▶ _TASK STATEMENT_
Nothing but the records themselves, exactly as written, should appear in the reply; leave out the pictures.

▶ _DATASET RECORDS_

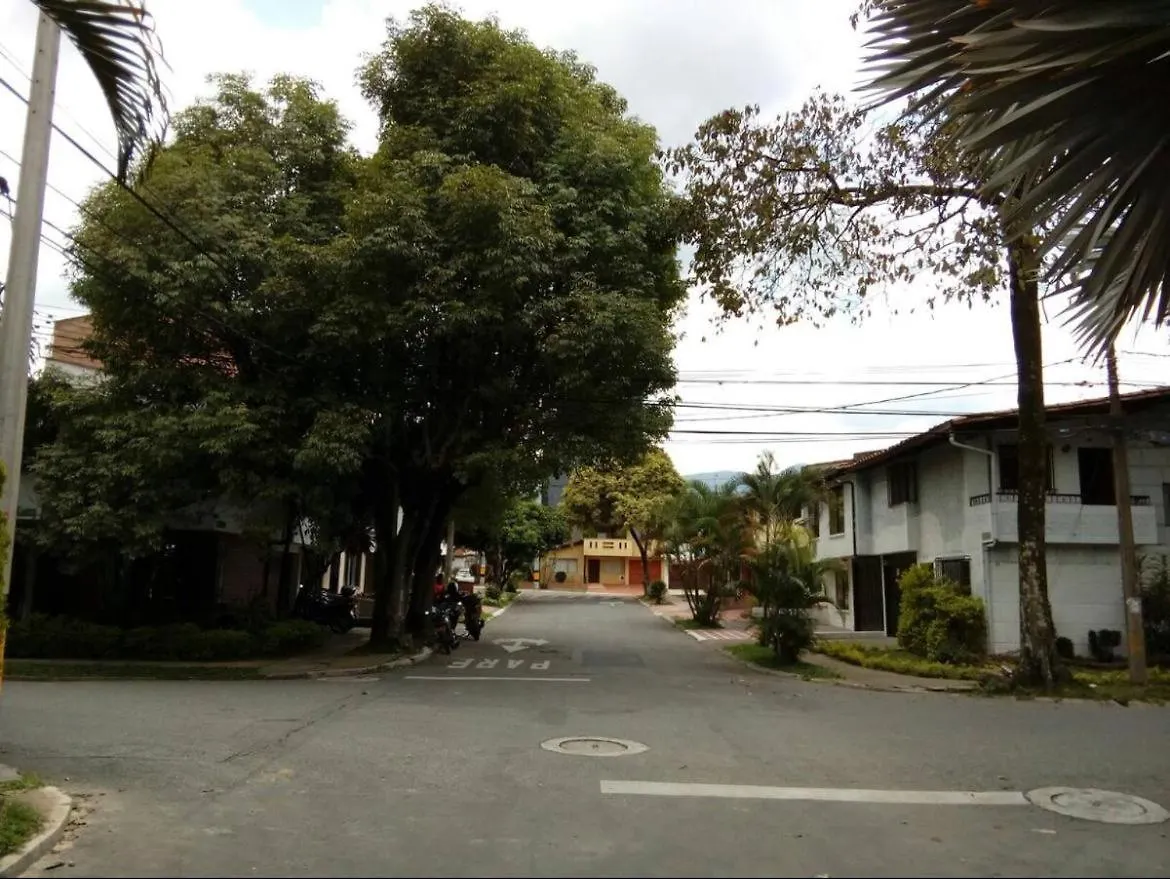 ホームステイ Acogedora Habitacion Privada - Belen Rosales Laureles メデジン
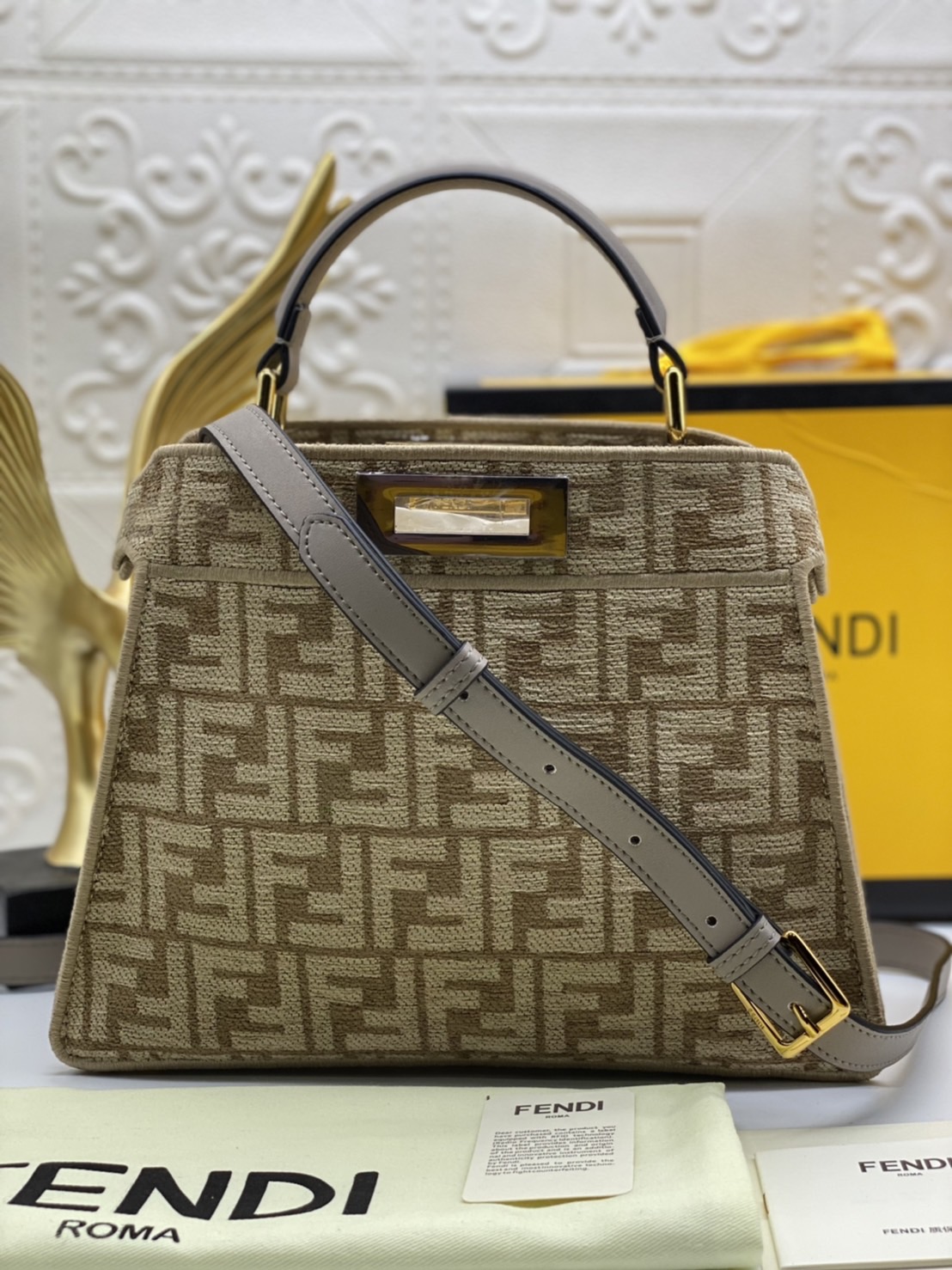 Fendi peekaboo 25cm เกรดออริจินอล กระเป๋าเฟนดิ คลาสสิกตามแบบฉบับแบรนด์ วัสดุคุณภาพอย่างดี เพิ่มความหรูหราและโดดเด่นด้วยการตกแต่งลวดลายโลโก้เด่นชัดทั้งใบ และด้วยขนาดที่กะทัดรัดและดีไซน์ที่เรียบหรูนี้ จึงสามารถนำไปแมทช์กับการแต่งตัวได้ง่าย ไม่ว่าจะเป็นสไตล์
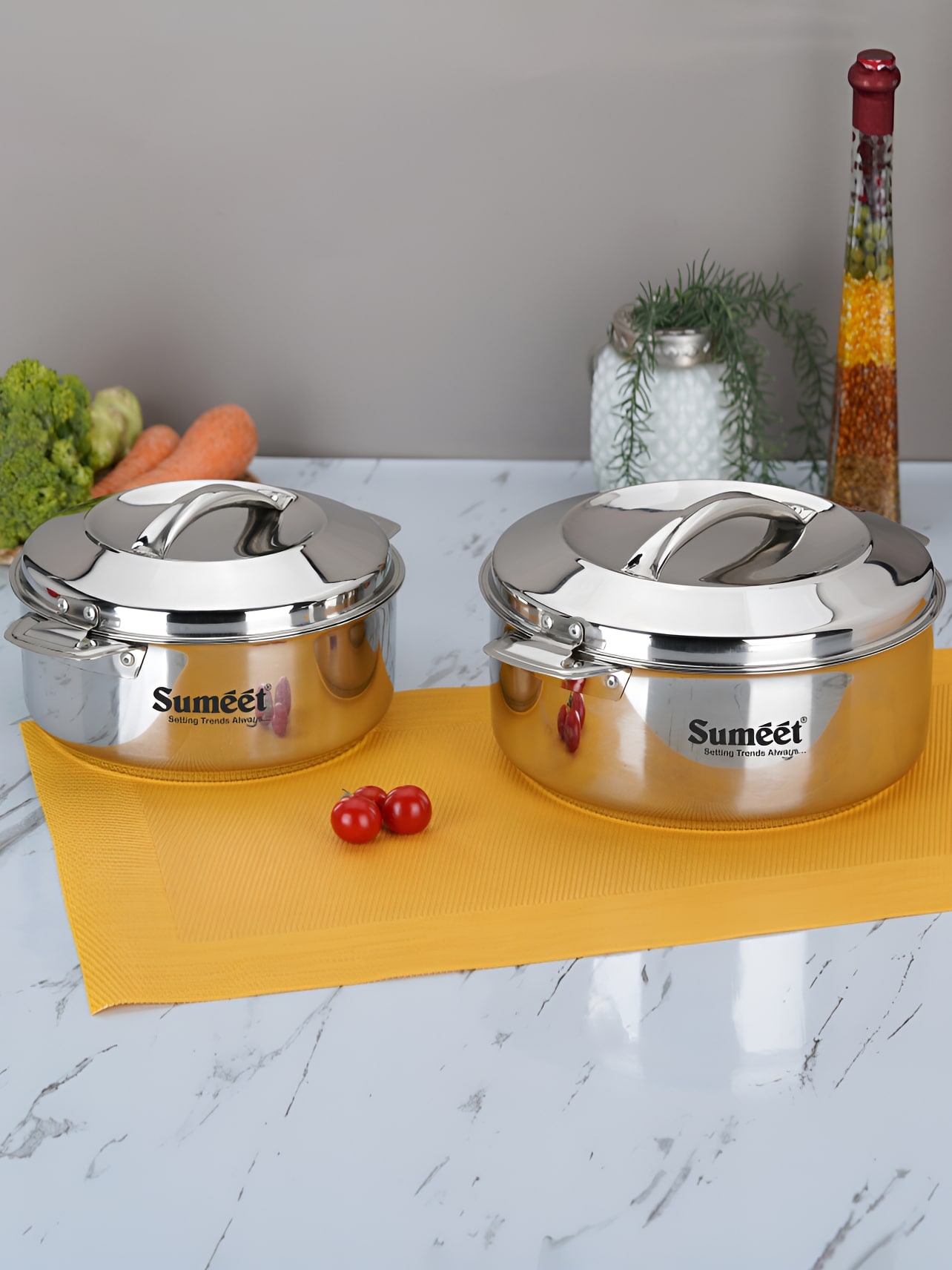 Sumeet Stainless Steel Double Wall Insulated Serving Casserole - 1.6 L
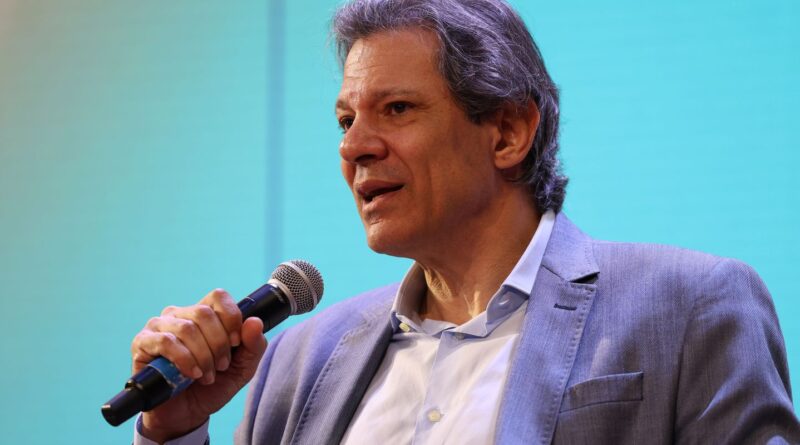 Haddad diz que Brasil não precisa temer medidas de Trump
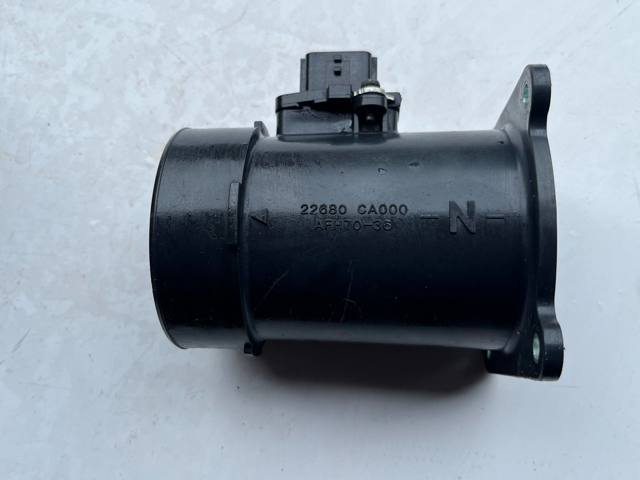 Датчик потоку (витрати) повітря, витратомір MAF - (Mass Airflow) 22680CA000 NISSAN
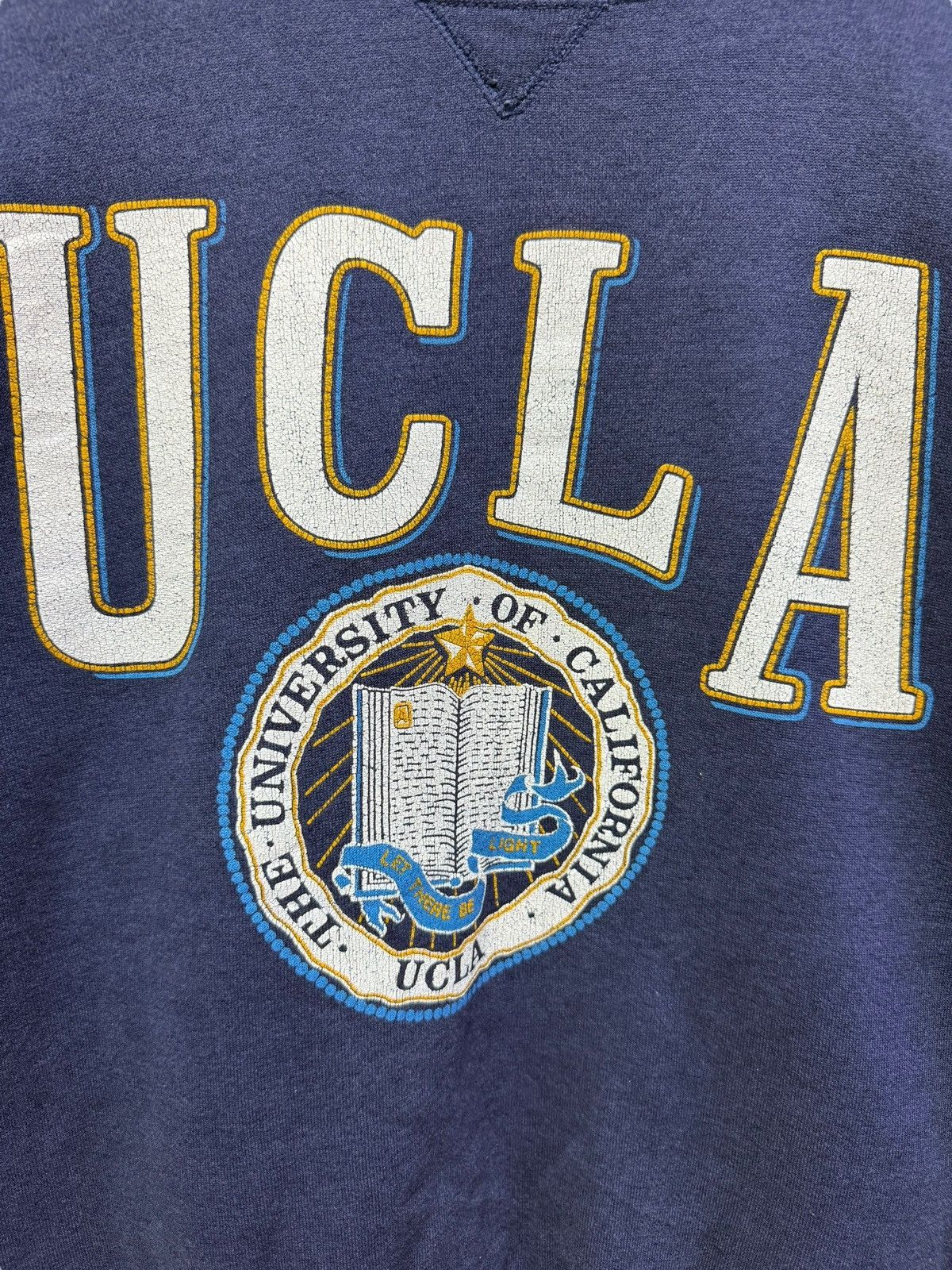 Vintage Vintage ucla university of california usa Size US L / EU 52-54 / 3 - 6 Thumbnail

▶ _THE COMPLETED TASK_
 ホームステイ Acogedora Habitacion Privada - Belen Rosales Laureles メデジン
 Fendi peekaboo 25cm เกรดออริจินอล กระเป๋าเฟนดิ คลาสสิกตามแบบฉบับแบรนด์ วัสดุคุณภาพอย่างดี เพิ่มความหรูหราและโดดเด่นด้วยการตกแต่งลวดลายโลโก้เด่นชัดทั้งใบ และด้วยขนาดที่กะทัดรัดและดีไซน์ที่เรียบหรูนี้ จึงสามารถนำไปแมทช์กับการแต่งตัวได้ง่าย ไม่ว่าจะเป็นสไตล์
 Sumeet Stainless Steel Double Wall Insulated Serving Casserole - 1.6 L
 Haddad diz que Brasil não precisa temer medidas de Trump
 Датчик потоку (витрати) повітря, витратомір MAF - (Mass Airflow) 22680CA000 NISSAN
 Vintage Vintage ucla university of california usa Size US L / EU 52-54 / 3 - 6 Thumbnail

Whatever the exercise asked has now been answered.